Für seine neue Ausstellung circuit cruise / feasible memory/regulator (Schreibweise beachten!) im Belvedere 21 nimmt er konkret auf die rasterhaften Formen des Hauses Bezug, bestückt den offenen Raum mit seinem reduzierten Vokabular und färbt ihn mit Rockenschaub’scher Farbpalette ein: Zwei grellgrüne Balken und ein pinkes Stehpult schieben sich da zwischen die Säulen und wollen benutzt werden – auf ausdrücklichen Wunsch des Künstlers soll man aber nicht darauf stehen.

Typisch Rockenschaub!

Wie immer bindet Rockenschaub das Publikum in seine Ausstellungsinstallationen mit ein, verwickelt es in die Architektur und schafft so ganz neue Zugänge. Bei seinem Beitrag auf der Biennale in Venedig 1993 installierte er eine Industriestiege im österreichischen Pavillon und ließ die Besucher und Besucherinnen aus den Dachfenstern blicken. In der Secession baute er 2012 eine quietschgelbe Plattform, auf der man dem Beethovenfries von Gustav Klimt ungewohnt nahekam.

Bezüge zur Malerei: Wie Gemälde fädeln sich klassisch gehängt vier mal sechs Bildschirme an den Wänden auf.
Foto: Johannes Stoll / Belvedere Wien

Typisch Rockenschaub, könnte man sagen. Doch die Ausstellung im Belvedere 21 ist zurückhaltender, fast subtil, möchte man sagen. Dort lässt der 1952 in Linz geborene Künstler das Zentrum komplett frei und verstellt die Glasfronten nur teils mit eingezogenen Wänden. Diese sind eigenständige Skulpturen und fungieren zugleich als Untergrund für seine Bilder. Bilder?

Bewegte Bilder

Obwohl Rockenschaub seit 1987 keine abstrakt-geometrischen Ölgemälde mehr schafft, die der Neo-Geo-Bewegung zuzuordnen sind, spielt die Malerei immer noch eine wichtige Rolle in seinem Werk. Wie Gemälde fädeln sich klassisch gehängt vier mal sechs Bildschirme an den Wänden auf.

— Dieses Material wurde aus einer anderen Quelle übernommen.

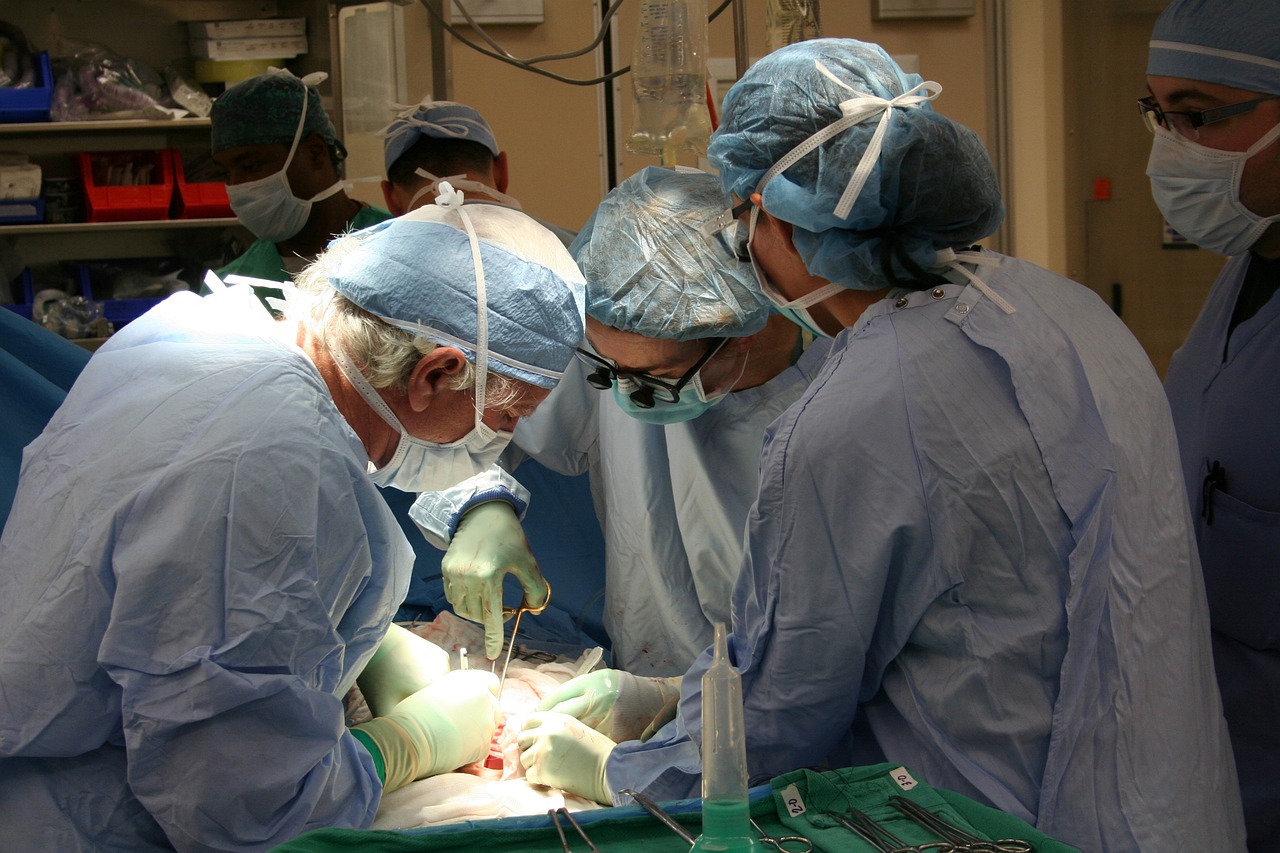 22 decembrie 1989. Într-o sală de operații de la Facultatea de Medicină Veterinară din Cluj-Napoca, un tânăr asistent universitar încearcă să facă primul transplant de rinichi la o oaie. FOTO: Pixabay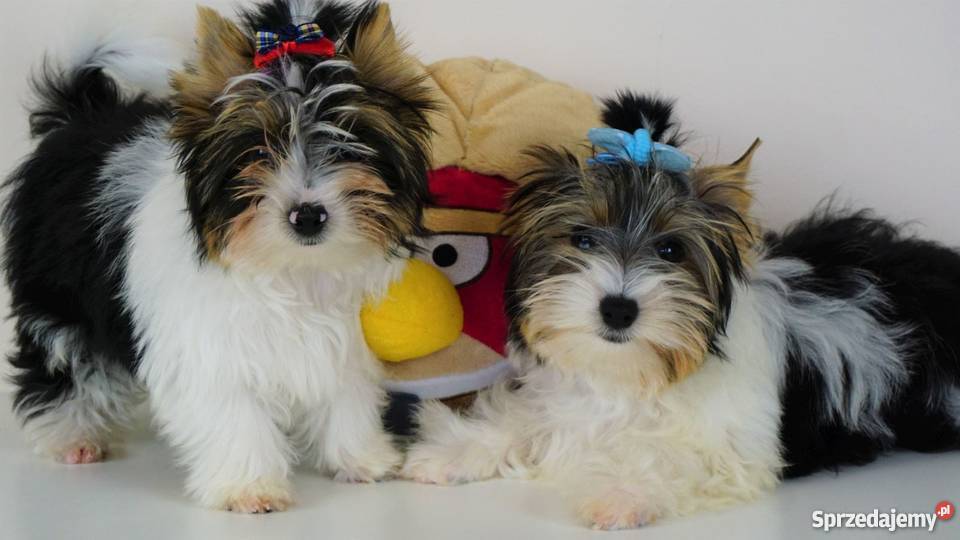 Biewer Yorkshire Terrier z metrykami ZKwP FCI łódzkie Poddębice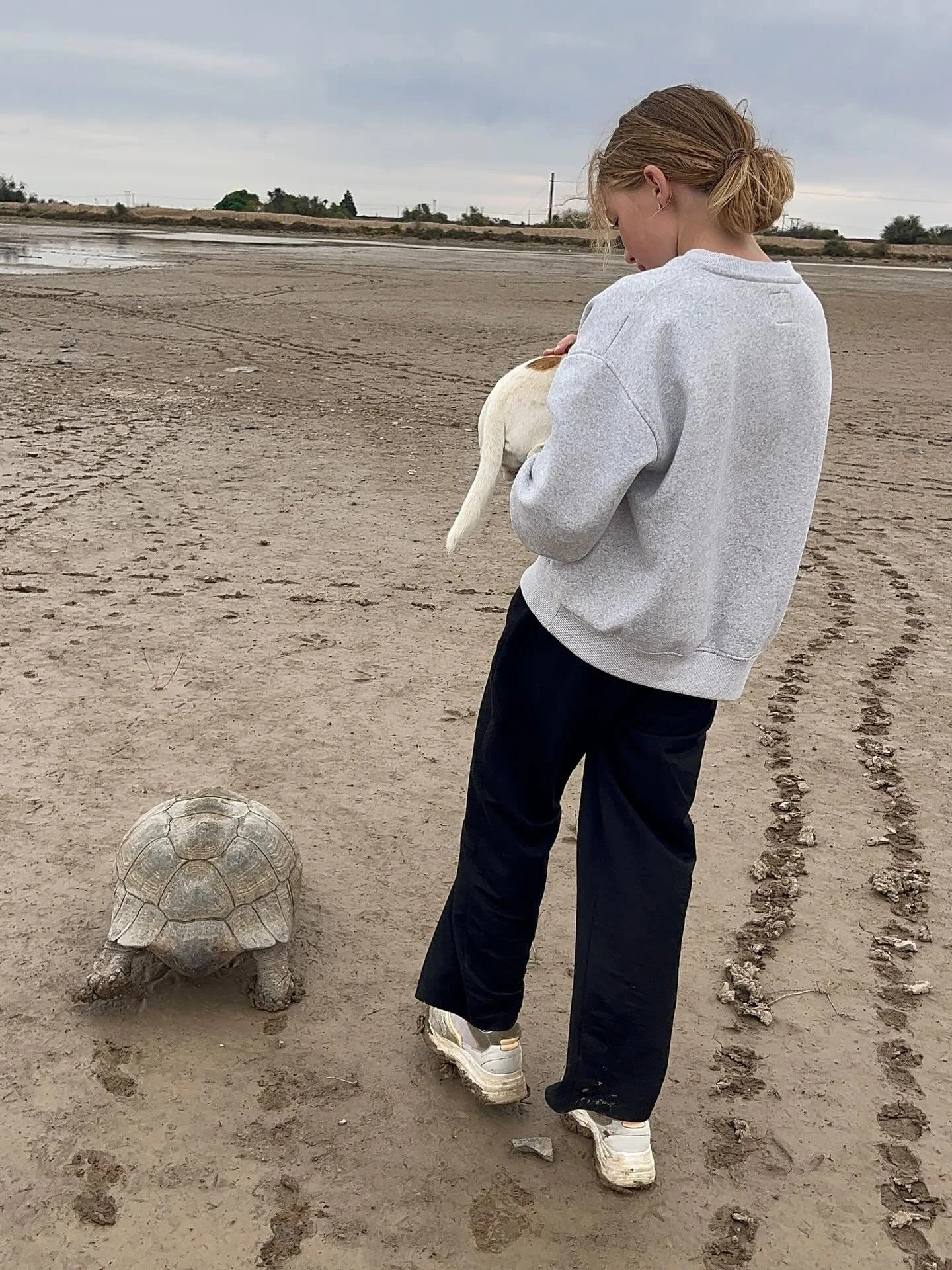 𝗧𝗵𝗲𝘆 𝘀𝗮𝘆: 𝗶𝗳 𝘆𝗼𝘂 𝗳𝗮𝗶𝗹 𝘁𝗼 𝗽𝗹𝗮𝗻, 𝘆𝗼𝘂 𝗽𝗹𝗮𝗻 𝘁𝗼 𝗳𝗮𝗶𝗹.

I agree and I disagree

But what does that have to do with adventure travel and with life after loss? Read on.

I&rsquo;ve just traversed Southern Africa from Cape T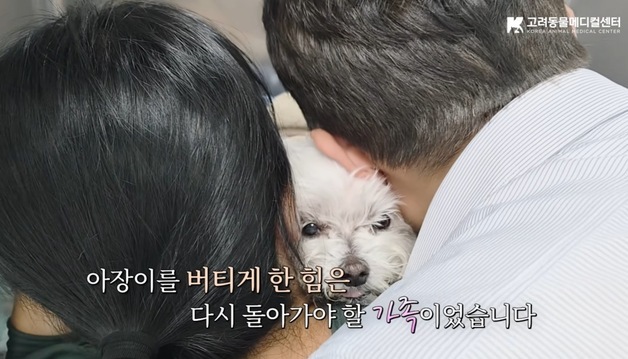 많이 본 뉴스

In diesen "bewegten Bildern" laufen insgesamt 24 selbstprogrammierte Animationen, die ebenfalls auf das Formen- und Farbenrepertoire des Künstlers zurückgreifen und trotz ihres minimalistischen, digitalen Jargons (Selbst-)Porträts oder Abstraktion zitieren.

Zwischen geometrischen Formen wie rosa Kreisen, lila Balken oder gelben Quadraten hüpft die Kontur des Künstlerkopfes selbst hüpft auf und ab.
Foto: Johannes Stoll / Belvedere Wien

Da fliegen rosa Kreise, drehen sich lila Balken oder rotieren gelbe Quadrate. Sie überlagern, verdrängen oder jagen einander, manchmal scheinen sie miteinander zu tanzen. Dazwischen zucken auch rot-weiß-rote Streifen als Österreichfahne oder die Kontur des Künstlerkopfes selbst hüpft auf und ab. Obwohl Rockenschaub seine Werke – seien sie aus Plexiglas, PVC oder Pixel – maximal reduziert, schlägt er gekonnt eine Brücke zwischen Vereinfachung und Komplexität. Seine Installationen seien stets "on point" – nicht zu viel und nicht zu wenig, sagt Kurator Axel Köhne. Nichts werde dem Zufall überlassen.

Sex für die Augen

Die maximal neun Sekunden dauernden und in Endlosschleife laufenden Videos ergeben einen gemeinsamen Rhythmus, der überraschenderweise völlig stumm auskommt. Rockenschaub verfolgt eine strenge Trennung zwischen seiner Musik und seinen "visuellen Soundtracks". Zum Winterfest des Belvedere 21 im Jänner spielt er aber live!

Beides wäre wahrscheinlich wirklich too much, die Augen sind beschäftigt, den unterschiedlich schnellen Bewegungen zu folgen und die sehr hellen und intensiven Farben zu verarbeiten. Nicht ohne Grund trug eine frühe Ausstellung Rockenschaubs den Titel Augensex. Ein Indiz für den Humor, der wie ein unsichtbares Sahnehäubchen auf den Werken des Künstlers sitzt. Dieser bezeichnet sich übrigens selbst als "funky minimalist". (Katharina Rustler, 29.11.2022)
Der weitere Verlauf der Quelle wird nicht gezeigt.